The method was quite simple:
(1) The laundrymen delivered sacks of US Dollars, generally many millions, to the builders.
(2) The builders used the cash to pay for the land, to pay their employees, on payday, twice a month, and to pay for materials, as well as necessary "grease" payments, to facilitate licenses and permits.
(3) After the building was completed, the builder would convey an agreed number of office and residential condominium units to Panama corporations (yes, with bearer shares, of course).
(4) Representatives of the traffickers would later sell the units to legitimate purchasers, especially North American and European expats moving to Panama, the sales proceeds, which came from the buyers, having effectively cleaned the traffickers' drug profits.
US law enforcement agencies are well aware of the identities of those builders; in fact, there is, reportedly, a comprehensive list of those builders, and their companies, maintained by the US Drug Enforcement Administration (DEA).
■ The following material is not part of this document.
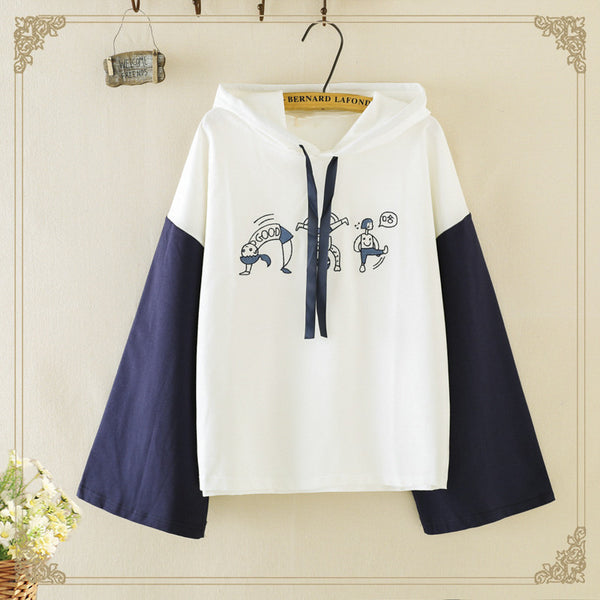 Merry Pretty Women Cartoon Embroidery Hooded Sweatshirts Winter Long Sleeve Drawstring Patchwork Hoodies Femme Pullovers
Unfortunately, prior governments in the Republic of Panama have declined to be of assistance in American narcotics investigations of these builders, and even interfered with efforts to acquire sufficient evidence to bring indictments in the USA. For that reason, the United States seems to have ruefully settled for merely monitoring the individuals involved; whether it will ever step up, considering the probable diplomatic consequences, is doubtful.
It all boils down to one fact: there's nobody indicting Panama's approximately fifty known, active money launderers, who have been engaged in the cash-for-condo scheme I have detailed here, and unless they are arrested, they will continue to fund major construction projects in Panama. Perhaps law enforcement agencies from the United States can start by charging Martinelli and Lundgren.